Start of Data for the task
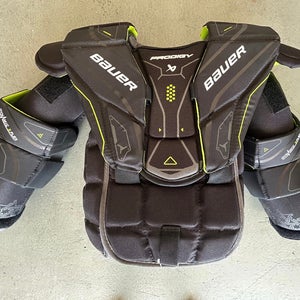 XL 2024 Bauer Prodigy Goalie Chest Protector (Used)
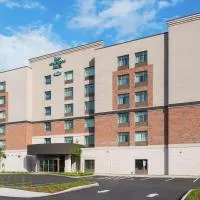 Homewood Suites By Hilton Ottawa Airport, хотел в Отава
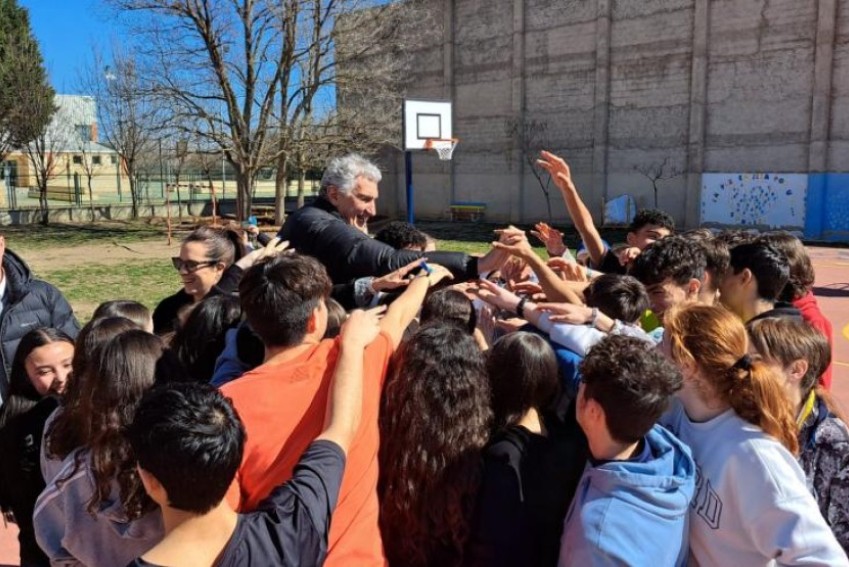 Fernando Romay se reúne con más de 500 escolares en Monreal del Campo para promocionar el baloncesto en el ámbito rural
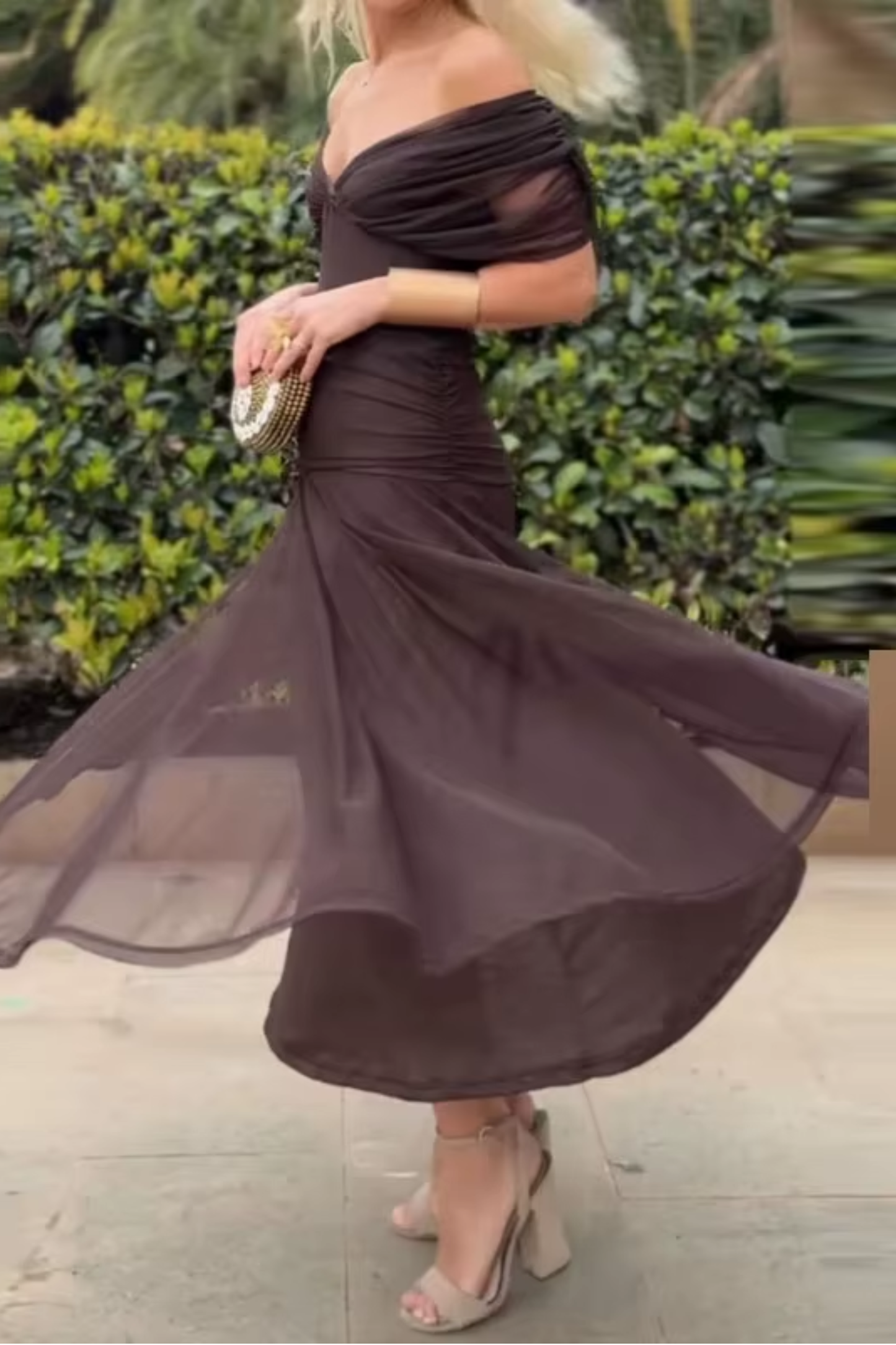 Aveline - Robe maxi cintrée avec décolleté en V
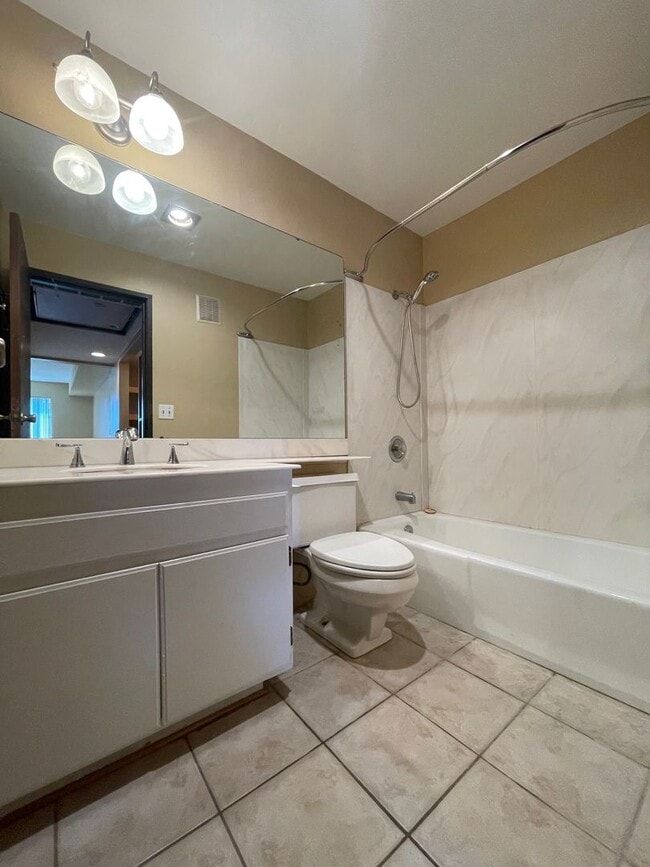 Building Photo - 1 Br - 1 Ba Hillcrest Condo with Washer/Dr...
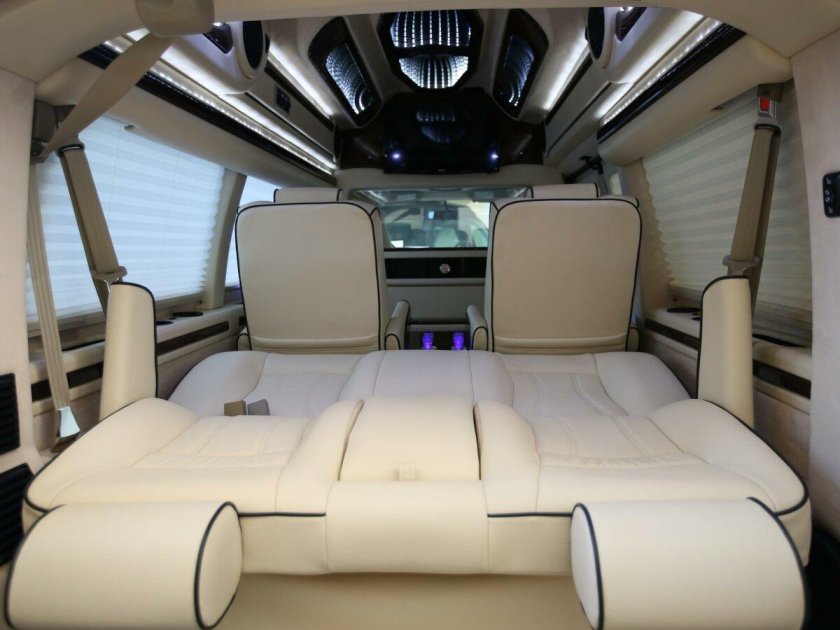 Chevrolet Express 2023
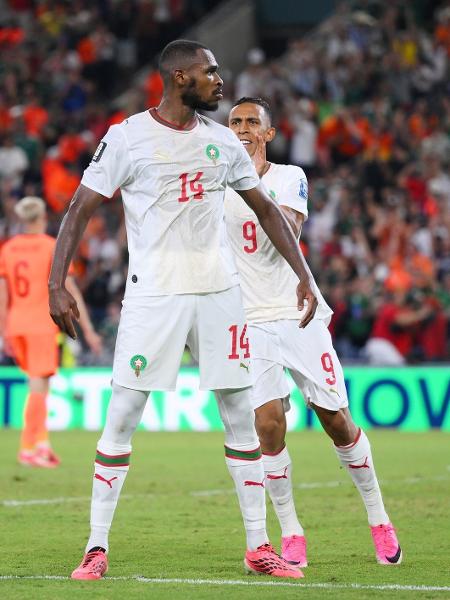 Issa Diop comemora gol de Marrocos contra Holanda na Copa do Mundo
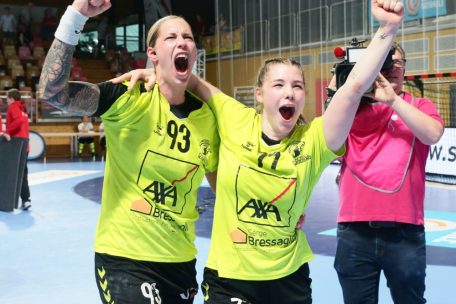 Tina Welter (l.) und Lily Melchior (r.) freuen sich über den Pokalsieg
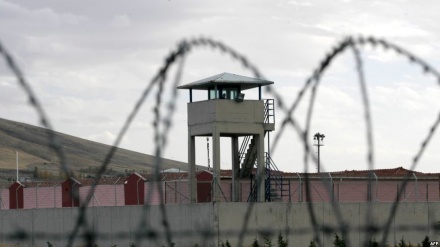 Az.R məhbəsonədə məhbuson boçi ğiyam kardedən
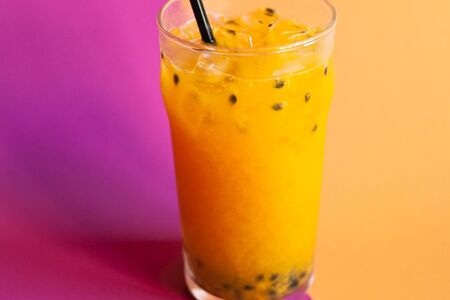 Лимонад манго-маракуйя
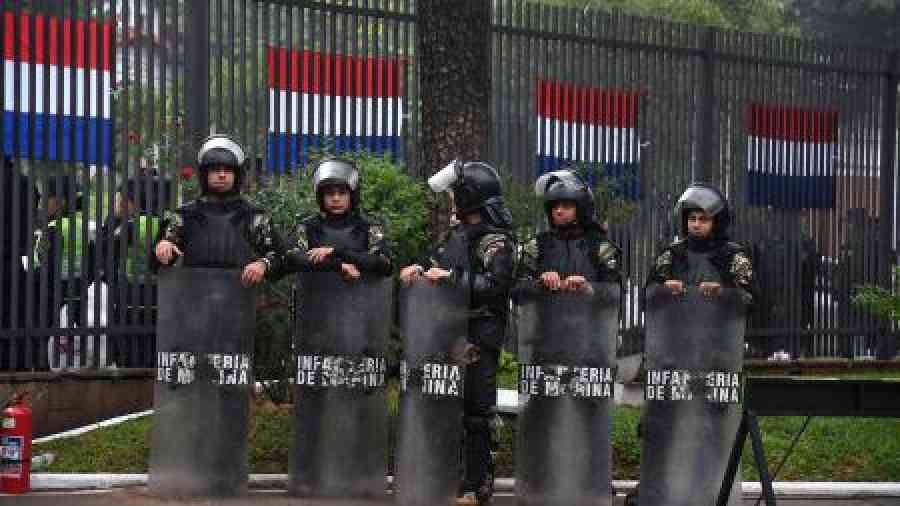 Policía de Paraguay reporta 80 arrestos en protestas poselectorales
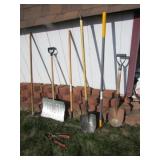 shovels,rake,hoe & trimmer
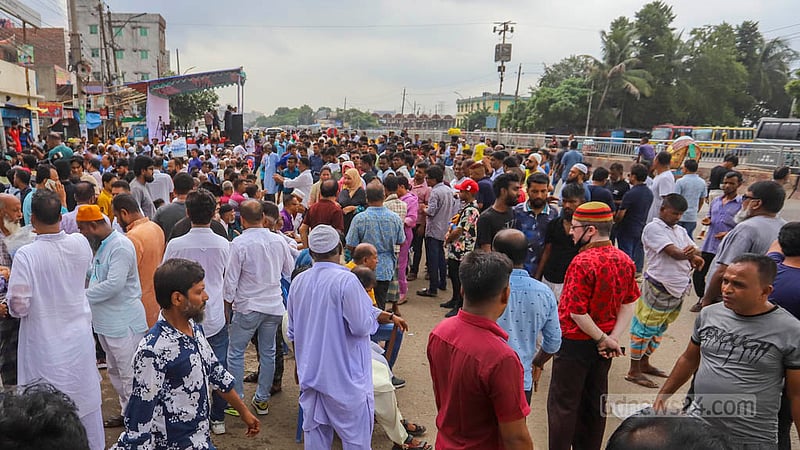 গাবতলী এলাকায় বিএনপির অবস্থান কর্মসূচি প্রতিরোধ করতে সড়কের উপর মঞ্চ বানিয়ে অবস্থান নেয় ঢাকা মহানগর উত্তর আওয়ামী লীগের নেতা-কর্মীরা।&amp;nbsp;ছবি: আসিফ মাহমুদ অভি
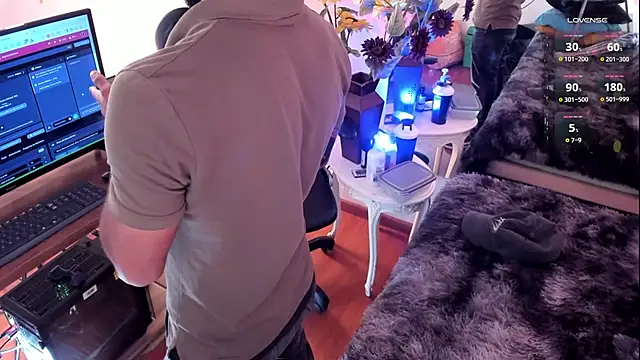 Snapshot of Tom_cooper_ chatting on 10.22.25 Tom cooper online show from 10.22.25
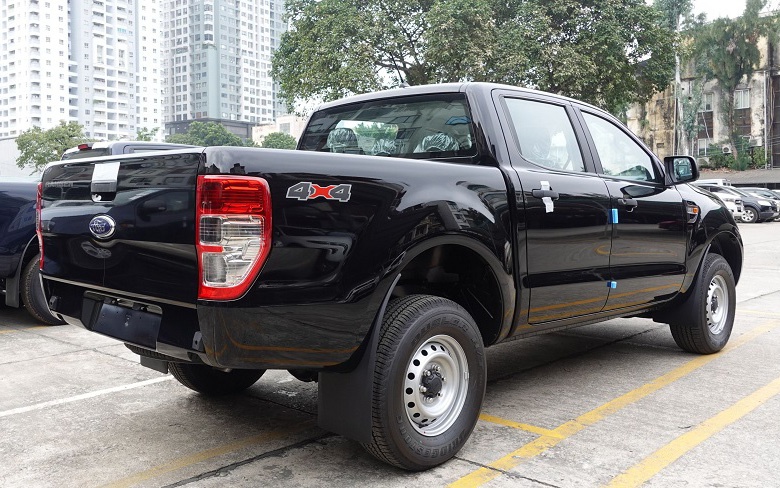 ford-ranger-ban-gia-re-1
End of Data for the task
What's needed is an exact copy of the lines above from the one with "Homewood Suites By" through the one with "Chevrolet Express 2023", both included; the pictures stay out.

 Homewood Suites By Hilton Ottawa Airport, хотел в Отава
 Fernando Romay se reúne con más de 500 escolares en Monreal del Campo para promocionar el baloncesto en el ámbito rural
 Aveline - Robe maxi cintrée avec décolleté en V
 Building Photo - 1 Br - 1 Ba Hillcrest Condo with Washer/Dr...
 Chevrolet Express 2023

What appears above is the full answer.